We don’t know her name and we don’t know why she, of all people, made the newspaper. But thanks to modern efforts in both technology and archiving, we know her thoughts.
There are some incredible facts behind this find.
This was published before Clement C. Moore’s poem of A Visit from St. Nicholas. In fact, this was before any kind of real tradition of Santa Claus in the 19th century.
Christmas trees were not even a thing yet. This is even some 25 years before A Christmas Carol was published.
This came from a time when many historians claim Christmas wasn’t even celebrated in places like Windsor, Vermont.
So, what does she say?
It’s titled “On the Propriety of Celebrating Christmas”.
She says she wanted to “endeavor to discover the propriety of this custom which is so strictly observed by some, whilst wholly neglected by others, and show as far as I am able, wherein it may be considered a duty”.
She sounds like a teenager, right? She’s staking a position and calling folks to action. Do we not see that still?
The Windsor Female Academy was founded just four years earlier in 1814 and was kind of a radical departure in education at the time. The school not only was for girls but was run by mostly women – very unusual for that day and age.
It claimed to provide girls a free education in the arts, sciences and mathematics by engaging them in elements within the community, such as newspapers.
Perhaps this is why we’re lucky enough now to know what this young lady wanted to say about Christmas.
She reasons, in speaking of George Washington, who was still a huge figure in American culture at that time, “Where is the patriot who does not rejoice to hail the birthday of the deliverer of his own land? Or where the true American who can ever willingly suffer the 22nd of February [Washington’s birthday] to pass unnoticed by him?”
Then she gets to the point of Christmas on her mind:
“And if we deem it such an honorable, as well as highly respectable duty, thus to commemorate the birth of the saviour of his county, how much greater ought our gratitude to be to him, and how much more deserving our notice, who is the saviour of the world.”
You can read the entirety of her comments by just clicking on the images in this post. We encourage you to do so as you contemplate what these snippets tells us, once again, of the early 19th century celebration of Christmas.
It tells us that Christmas was pervasive in American society, even then.

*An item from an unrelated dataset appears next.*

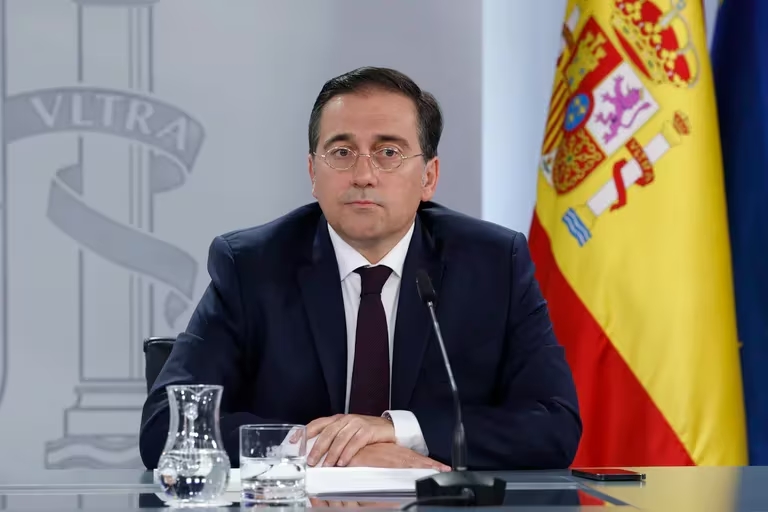 España retira a su embajadora en Buenos Aires ante la negativa de Javier Milei a disculparse imagen-11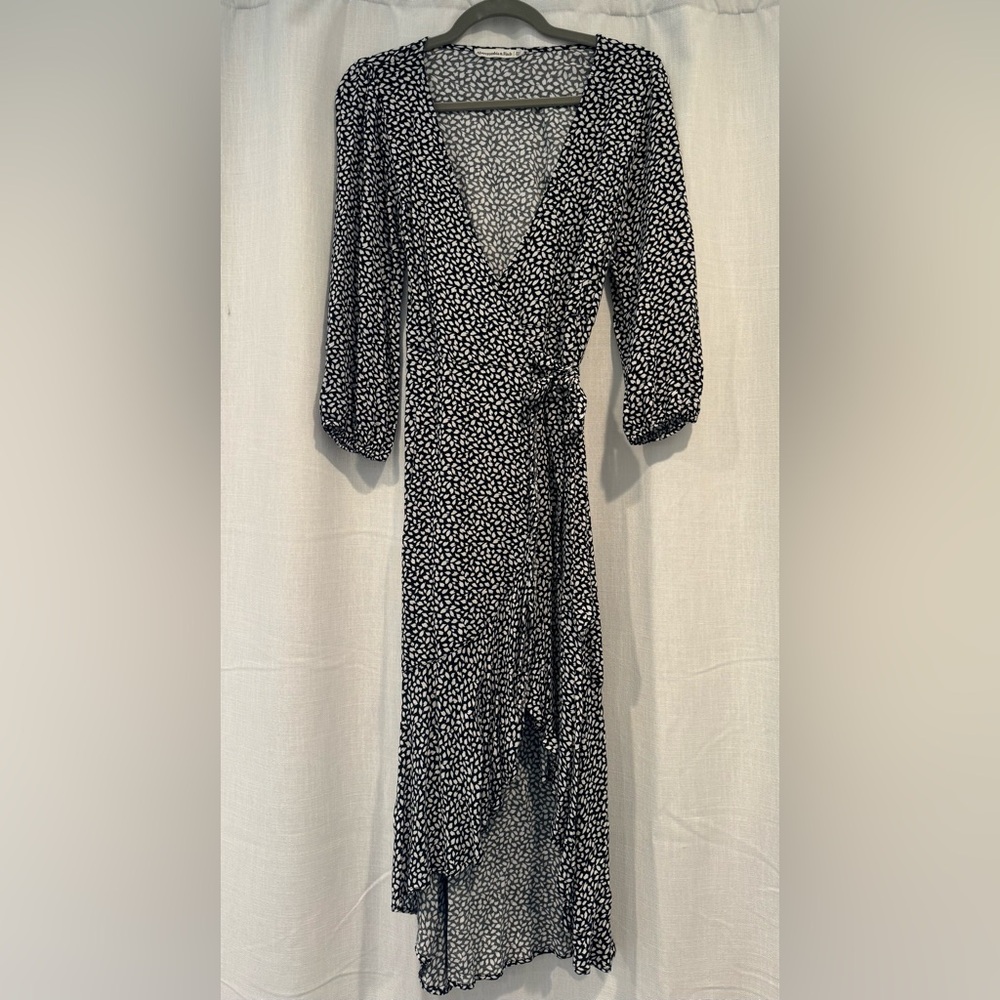 Abercrombie & Fitch Black and White Ruffled Wrap Dress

While it notes that some kept Christmas and others did not, that much has not really changed over time, has it?
She acknowledges that the differences in how Christmas is celebrated could cause some to doubt if Christmas was appropriate altogether.
Is that not debated today, too?
I get challenged occasionally about my denial of the work of some “historians” about Christmas in our podcasts and other features. But this kind of historical find showcases exactly why I challenge the predominate historical claims of today’s scholars.
There are evidences aplenty that the common historical take on Christmas in America before, say 1840, are completely misplaced. This is just another proof of that.
Christmas was huge. Even in Vermont.
Even among young people.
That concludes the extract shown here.